• What to do
Transcribe the line with "DENDI [Pudge] Show" and all the lines that follow it in the material below, exactly as they stand.

• Supplied data

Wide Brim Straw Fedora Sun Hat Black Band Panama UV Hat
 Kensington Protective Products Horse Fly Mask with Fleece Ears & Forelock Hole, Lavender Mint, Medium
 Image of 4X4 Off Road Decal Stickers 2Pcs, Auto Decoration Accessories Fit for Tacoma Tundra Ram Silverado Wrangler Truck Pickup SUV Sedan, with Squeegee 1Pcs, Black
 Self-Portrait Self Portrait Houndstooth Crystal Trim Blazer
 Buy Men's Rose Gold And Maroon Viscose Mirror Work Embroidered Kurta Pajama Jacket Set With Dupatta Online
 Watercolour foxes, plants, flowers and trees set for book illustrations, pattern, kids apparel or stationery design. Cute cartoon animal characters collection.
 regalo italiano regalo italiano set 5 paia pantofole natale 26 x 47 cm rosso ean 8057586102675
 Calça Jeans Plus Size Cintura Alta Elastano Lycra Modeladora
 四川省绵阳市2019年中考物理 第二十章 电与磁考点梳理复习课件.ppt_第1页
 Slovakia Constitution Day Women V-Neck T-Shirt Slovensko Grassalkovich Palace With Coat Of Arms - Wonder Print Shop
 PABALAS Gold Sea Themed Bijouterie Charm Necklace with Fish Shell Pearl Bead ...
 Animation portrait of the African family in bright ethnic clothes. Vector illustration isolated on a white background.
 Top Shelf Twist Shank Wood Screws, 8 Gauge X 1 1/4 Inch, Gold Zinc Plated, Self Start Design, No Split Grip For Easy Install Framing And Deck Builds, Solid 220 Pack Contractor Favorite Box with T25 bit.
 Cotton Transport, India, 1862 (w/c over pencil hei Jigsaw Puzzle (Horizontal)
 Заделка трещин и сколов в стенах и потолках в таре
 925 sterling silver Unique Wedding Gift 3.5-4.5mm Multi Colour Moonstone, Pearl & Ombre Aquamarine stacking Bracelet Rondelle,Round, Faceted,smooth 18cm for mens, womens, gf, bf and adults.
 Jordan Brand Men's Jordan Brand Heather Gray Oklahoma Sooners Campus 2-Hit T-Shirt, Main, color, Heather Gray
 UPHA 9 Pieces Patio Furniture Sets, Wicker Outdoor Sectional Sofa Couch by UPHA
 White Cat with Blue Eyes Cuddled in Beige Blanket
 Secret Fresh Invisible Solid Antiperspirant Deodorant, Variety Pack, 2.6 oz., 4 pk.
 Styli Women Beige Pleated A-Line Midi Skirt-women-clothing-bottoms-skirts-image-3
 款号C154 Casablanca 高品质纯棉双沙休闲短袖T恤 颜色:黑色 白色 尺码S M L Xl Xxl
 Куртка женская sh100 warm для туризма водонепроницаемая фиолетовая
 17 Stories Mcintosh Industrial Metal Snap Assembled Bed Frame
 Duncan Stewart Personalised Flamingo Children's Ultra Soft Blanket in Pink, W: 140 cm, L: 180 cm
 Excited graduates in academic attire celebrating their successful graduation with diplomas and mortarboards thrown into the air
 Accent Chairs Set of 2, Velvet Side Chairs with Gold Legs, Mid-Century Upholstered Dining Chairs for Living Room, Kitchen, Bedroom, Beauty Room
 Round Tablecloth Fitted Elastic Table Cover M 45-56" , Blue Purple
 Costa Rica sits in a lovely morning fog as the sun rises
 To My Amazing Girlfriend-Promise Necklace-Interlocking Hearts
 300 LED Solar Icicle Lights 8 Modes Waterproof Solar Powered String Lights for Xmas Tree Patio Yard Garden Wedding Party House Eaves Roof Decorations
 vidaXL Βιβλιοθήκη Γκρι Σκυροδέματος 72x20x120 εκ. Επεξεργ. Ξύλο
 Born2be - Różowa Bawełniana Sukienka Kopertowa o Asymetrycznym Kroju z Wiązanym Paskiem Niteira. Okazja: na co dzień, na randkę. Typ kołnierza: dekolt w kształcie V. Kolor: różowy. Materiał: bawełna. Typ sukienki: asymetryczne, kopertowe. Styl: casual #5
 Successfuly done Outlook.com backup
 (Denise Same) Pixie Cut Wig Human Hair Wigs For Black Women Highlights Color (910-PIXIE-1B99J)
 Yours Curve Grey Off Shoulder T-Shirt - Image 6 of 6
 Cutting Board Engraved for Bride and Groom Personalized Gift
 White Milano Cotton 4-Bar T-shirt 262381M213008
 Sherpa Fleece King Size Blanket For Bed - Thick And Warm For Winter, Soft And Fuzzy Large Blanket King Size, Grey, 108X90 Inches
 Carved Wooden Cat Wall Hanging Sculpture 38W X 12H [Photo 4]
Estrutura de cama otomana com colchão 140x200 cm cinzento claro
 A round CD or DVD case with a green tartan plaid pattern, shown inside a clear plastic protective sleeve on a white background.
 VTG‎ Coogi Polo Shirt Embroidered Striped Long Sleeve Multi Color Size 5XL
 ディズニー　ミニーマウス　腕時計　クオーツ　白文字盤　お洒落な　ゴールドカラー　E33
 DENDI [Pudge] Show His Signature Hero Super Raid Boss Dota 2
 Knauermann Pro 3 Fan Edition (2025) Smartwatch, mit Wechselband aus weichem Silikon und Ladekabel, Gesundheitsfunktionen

• Answer section
 DENDI [Pudge] Show His Signature Hero Super Raid Boss Dota 2
 Knauermann Pro 3 Fan Edition (2025) Smartwatch, mit Wechselband aus weichem Silikon und Ladekabel, Gesundheitsfunktionen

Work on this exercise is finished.